Named the 13th director of athletics in Clemson history on Dec. 1, 2012, Radakovich has continuously led the Tiger athletic department to high achievements both on the field and in the classroom while developing significant upgrades in finance and facilities.
Radakovich was named the SportsBusiness Journal Athletics Director of the Year for 2016, after being named a finalist in 2015. Since his arrival in December 2012, the athletic department has received approvals for $176 million in capital project improvements and has increased spending on direct student-athlete development programs including nutrition, mental health and professional development.

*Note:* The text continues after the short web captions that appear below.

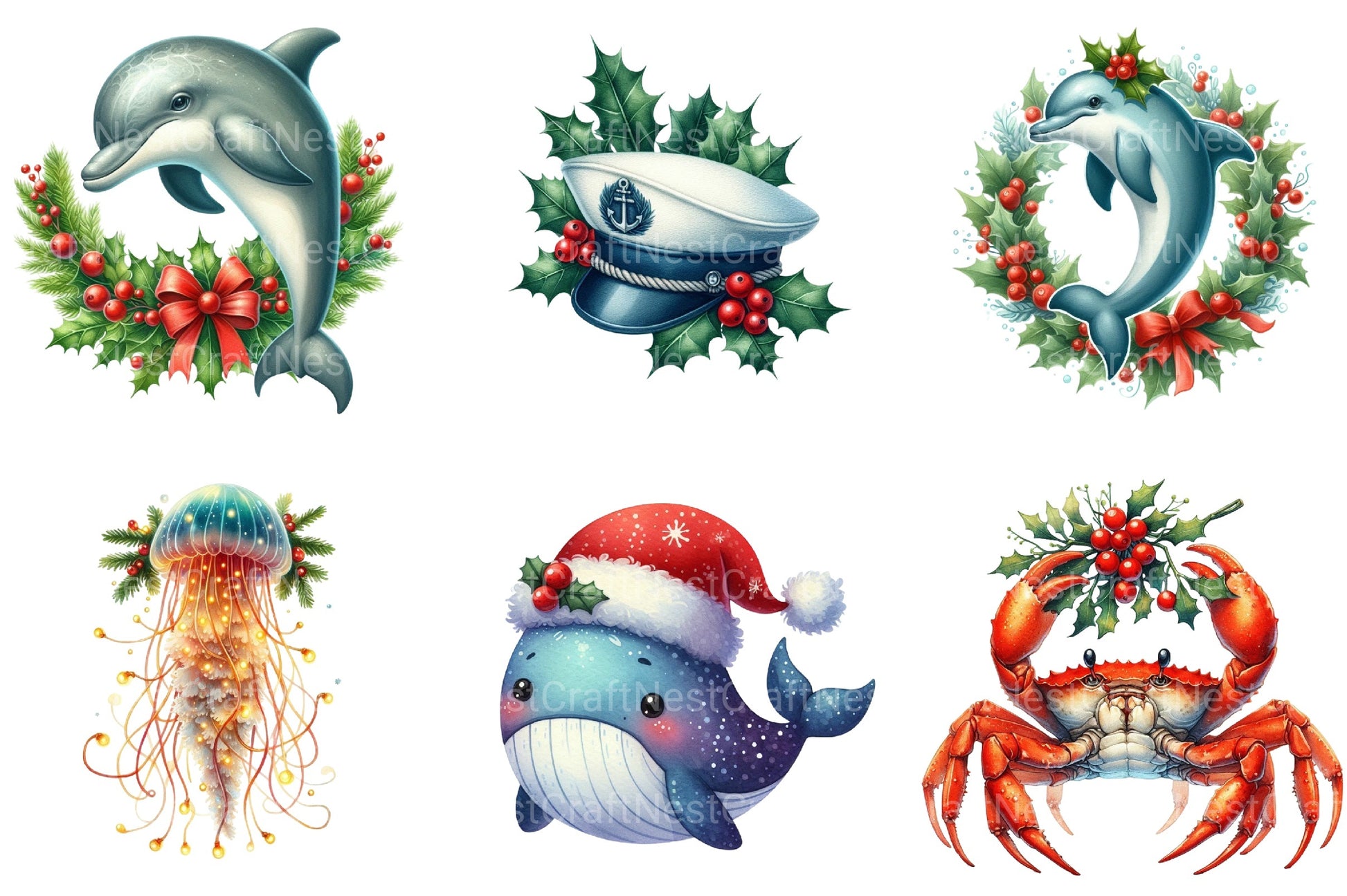 Merry Maritime Christmas Clipart Bundle 1 - CraftNest - Digital Crafting and Art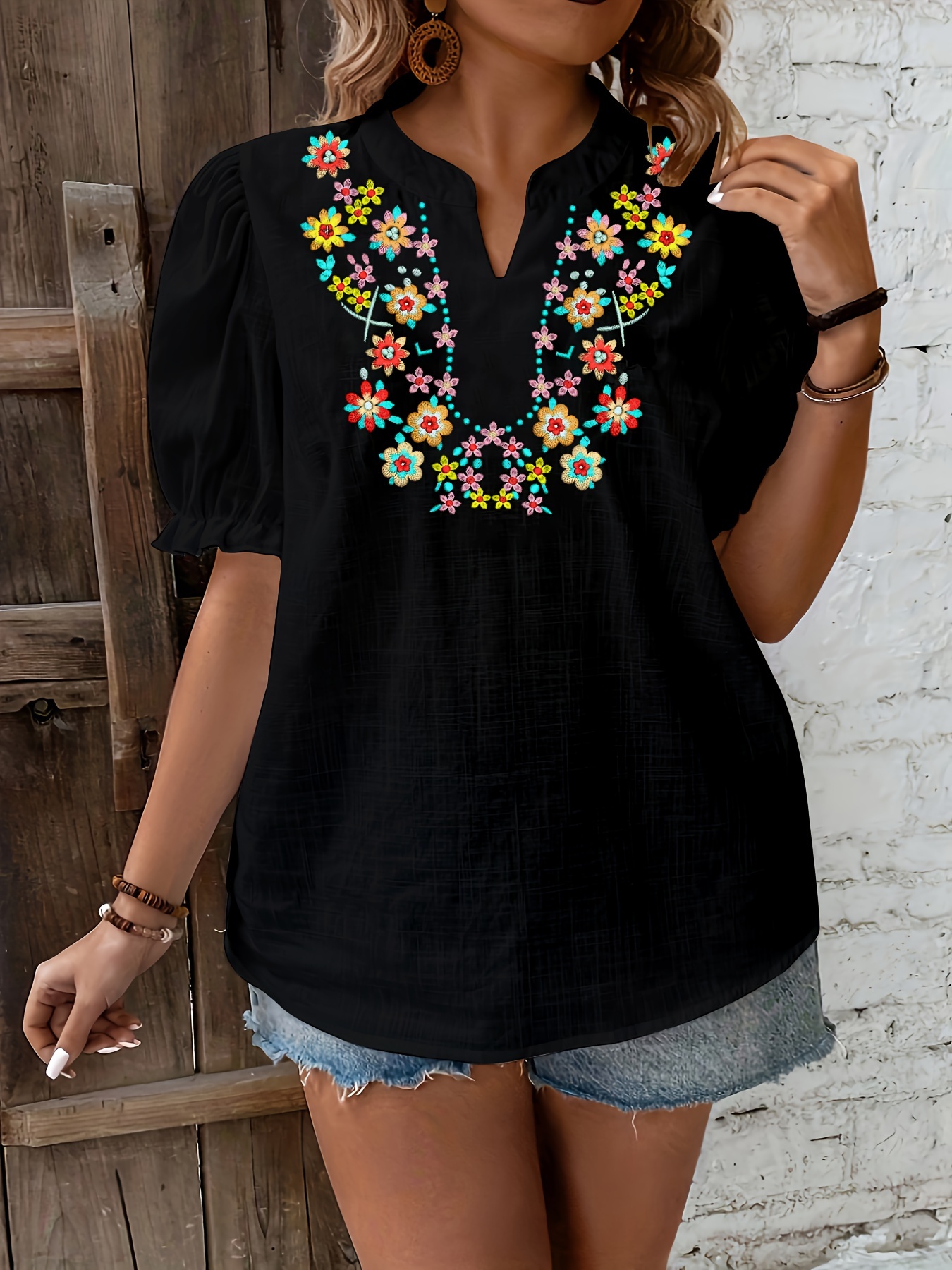 plus size floral embroidered blouse elegant notch neck puff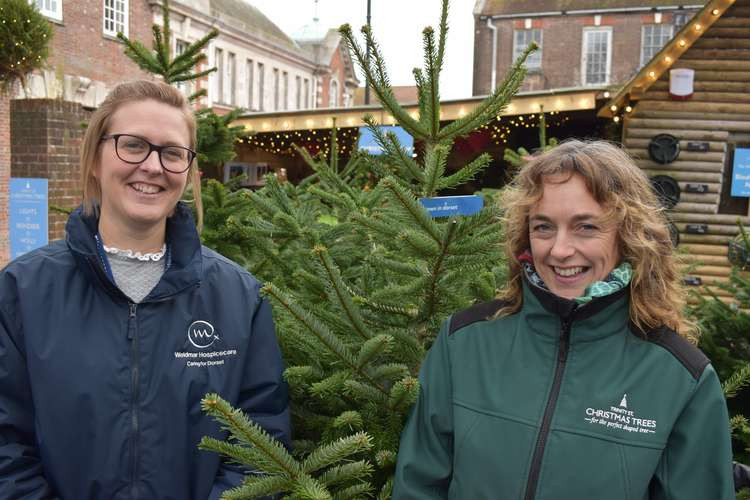Weldmar's Christmas Treecycle returns this winter, pictured is Weldmar's Fiona Hansford and Tamzin Hyde of Trinity Street Christmas Trees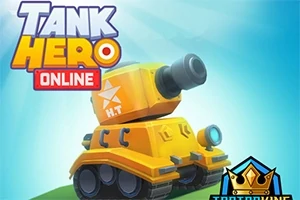 Çizgi film tarzında, parlak sarı bir tank, ışınlı arka plan üzerinde ve üzerinde Tank Hero Online yazısı
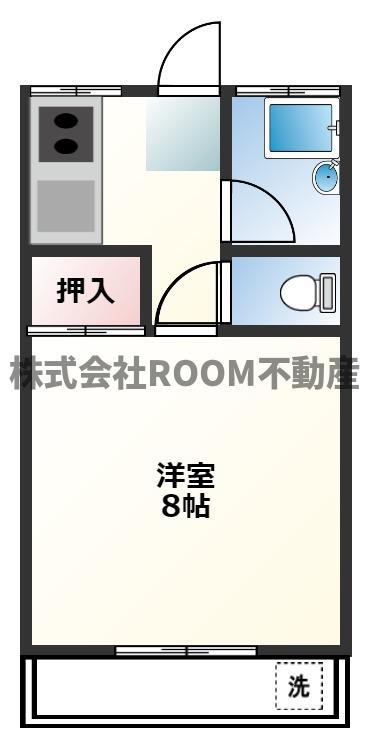 CALMEST西町(1K/2階)の間取り写真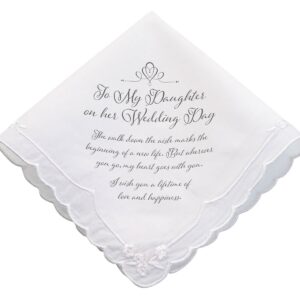 Lillian Rose mens Lillian Rose Daughter Verse Wedding Gift Keepsake Hankie, Multi-colour, One Size US, 6.5"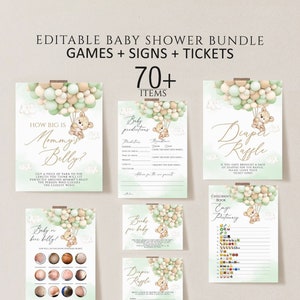 Green Teddy Bear Baby Shower Games, Baby Shower Game Bundle,Bear Themed Bingo Emoji The price is right Instant Download Digital, green bear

His department has increased overall revenue from $69 million in fiscal year 2014 to a budgeted $110 million in FY18.
Radakovich came to Clemson with a wealth of experience after serving in significant athletic administrative roles at Miami (Fla.), Long Beach State, South Carolina and Louisiana State in addition to athletic directorships at American University and Georgia Tech. His administrative career spans over 26 years.
College football entered a new era in 2014 with the College Football Playoff, and he was at the forefront. He was one of 13 people, including one of only five FBS directors of athletics, to be named to the committee.
In 2012, he was named by NCAA President Mark Emmert as one of 10 directors of athletics to a new advisory commission charged with making recommendations for the future of NCAA rules and policies.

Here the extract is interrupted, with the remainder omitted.